I would have rescued the poor things except that I misjudged the nudging and nibbling of the other fish as fishy gestures of welcome. But the dead fish got me suspicious about the alive ones. So I took a jar of the pond fish into the pet shop.
“Oh they’re native guppies,” said the sales guy, like he knew all there was to know about fish. I believed him. So I googled native guppies to find out how to carefully look after them, seeing as they were native and found there is no such thing as native guppies. They are also called Mosquito fish but their real name is Gambusia and they are the rabbit of the rivers. I sent a picture of the fish off to Fisheries and Wildlife and they sent it off to a Gambusia Professor expert person who said, ‘Yes they are definitely Gambusia. Oh and by the way there is a nice little $10,000 fine if you keep them or give them to anyone.’ So I disposed of the Gambusia as instructed very sternly by Fisheries and Wildlife, by cleaning out the pond, which was black and obviously hadn’t been cleaned out since the Big Bang. I stood knee deep in mucky gooey - what I can only imagine was years of fish poo - handing buckets of murky smelly water to the kids to tip on the garden. Finally the pond was sparkling clean.
In went new fish. In went a brand spanking new bubble maker thingy to keep it sparkly and clean. In went the Cane Toads (the rabbits of Northern Australia) that night whilst I was sleeping. In the morning the water was green, due I am told to the high nitrate content of the Cane Toads wee and poo. And the pond was filled with millions of Cane Toad eggs. On the weekend, I stood in the murky Cane Toady water and handed buckets of it to the kids.

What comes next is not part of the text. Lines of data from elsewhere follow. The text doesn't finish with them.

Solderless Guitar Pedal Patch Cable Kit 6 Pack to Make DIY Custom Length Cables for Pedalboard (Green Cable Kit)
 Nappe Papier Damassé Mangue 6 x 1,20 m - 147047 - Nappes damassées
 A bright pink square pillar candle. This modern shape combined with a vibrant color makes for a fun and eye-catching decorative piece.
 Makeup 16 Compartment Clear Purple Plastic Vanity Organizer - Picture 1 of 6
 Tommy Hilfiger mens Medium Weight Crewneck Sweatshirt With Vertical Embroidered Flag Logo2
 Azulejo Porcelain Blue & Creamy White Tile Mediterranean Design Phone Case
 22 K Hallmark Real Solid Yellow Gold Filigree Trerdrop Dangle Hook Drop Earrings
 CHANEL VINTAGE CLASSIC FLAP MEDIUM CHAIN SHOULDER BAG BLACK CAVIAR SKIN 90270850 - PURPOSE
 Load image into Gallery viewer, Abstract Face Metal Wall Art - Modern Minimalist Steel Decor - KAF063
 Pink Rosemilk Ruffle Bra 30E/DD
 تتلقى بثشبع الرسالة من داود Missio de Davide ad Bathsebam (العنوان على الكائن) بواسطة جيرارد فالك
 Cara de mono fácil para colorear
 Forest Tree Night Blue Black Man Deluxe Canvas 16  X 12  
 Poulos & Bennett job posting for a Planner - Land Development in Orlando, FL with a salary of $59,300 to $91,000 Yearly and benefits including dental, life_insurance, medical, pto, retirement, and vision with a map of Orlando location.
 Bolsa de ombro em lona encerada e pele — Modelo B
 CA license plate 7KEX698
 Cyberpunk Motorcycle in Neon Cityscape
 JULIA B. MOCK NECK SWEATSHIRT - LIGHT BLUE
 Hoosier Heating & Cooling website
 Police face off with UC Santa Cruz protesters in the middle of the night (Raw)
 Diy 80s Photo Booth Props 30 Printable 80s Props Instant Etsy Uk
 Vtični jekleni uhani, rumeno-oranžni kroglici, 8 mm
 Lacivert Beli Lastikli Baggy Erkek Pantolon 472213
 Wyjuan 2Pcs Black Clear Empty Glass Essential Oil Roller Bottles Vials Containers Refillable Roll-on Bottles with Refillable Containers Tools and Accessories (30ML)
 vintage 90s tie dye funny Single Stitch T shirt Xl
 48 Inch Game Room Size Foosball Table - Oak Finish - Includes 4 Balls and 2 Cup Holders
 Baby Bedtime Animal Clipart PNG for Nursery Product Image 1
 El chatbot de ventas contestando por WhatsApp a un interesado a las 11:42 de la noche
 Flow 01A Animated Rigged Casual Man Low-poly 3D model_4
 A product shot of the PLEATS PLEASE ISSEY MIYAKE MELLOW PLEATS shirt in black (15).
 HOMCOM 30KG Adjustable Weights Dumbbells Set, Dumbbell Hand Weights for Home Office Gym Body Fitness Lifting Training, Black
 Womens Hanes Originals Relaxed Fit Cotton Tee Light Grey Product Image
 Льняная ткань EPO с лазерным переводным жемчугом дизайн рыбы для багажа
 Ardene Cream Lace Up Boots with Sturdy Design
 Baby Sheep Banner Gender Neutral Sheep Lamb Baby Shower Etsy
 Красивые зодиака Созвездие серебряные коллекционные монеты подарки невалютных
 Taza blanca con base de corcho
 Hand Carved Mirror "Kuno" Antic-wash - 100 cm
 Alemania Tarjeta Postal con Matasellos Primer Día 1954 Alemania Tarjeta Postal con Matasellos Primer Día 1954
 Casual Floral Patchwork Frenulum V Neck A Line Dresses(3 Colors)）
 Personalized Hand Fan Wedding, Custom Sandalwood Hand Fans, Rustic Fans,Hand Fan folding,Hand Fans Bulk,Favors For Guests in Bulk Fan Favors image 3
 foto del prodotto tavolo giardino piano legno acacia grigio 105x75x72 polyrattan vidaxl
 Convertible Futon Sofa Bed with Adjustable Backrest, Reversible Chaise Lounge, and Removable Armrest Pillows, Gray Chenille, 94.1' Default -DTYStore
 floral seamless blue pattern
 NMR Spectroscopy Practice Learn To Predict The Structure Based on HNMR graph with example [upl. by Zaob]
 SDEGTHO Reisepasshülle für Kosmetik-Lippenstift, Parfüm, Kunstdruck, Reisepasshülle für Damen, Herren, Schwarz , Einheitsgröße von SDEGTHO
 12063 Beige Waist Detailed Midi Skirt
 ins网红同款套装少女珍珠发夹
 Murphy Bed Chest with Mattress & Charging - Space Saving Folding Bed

I filled the pond in with sand and dirt and stones. I built a pedestal with bricks and concrete slabs 2 feet high so the Cane Toads couldn’t get in. I bought a fibre glass pond and stuck it on the pedestal. I bought new fish. The Cane Toads had eaten some of the others (I assume that’s why they were missing and not because they had left me for being a bad fish carer). The new fibre glass pond cost me a fortune.
I bought pretty lilies to give the fishies shade. I hung up a mosquito net to stop the fishies from being drowned in falling leaves I put up an umbrella to shade them from the afternoon sun. I began to love my fish. The pond leaked. It leaked everywhere and created a new pond around the base of the pedestal which immediately filled with copulating Cane Toads and their eggs. So now the fishies are in our bath. Pete (my hubby) says now that they have been spoilt and allowed inside - we’ll never get them back out again. I am sorry this story has no meaning or words hopeful of wisdom. it is just frivolous story about how the fish ended up living in our bath.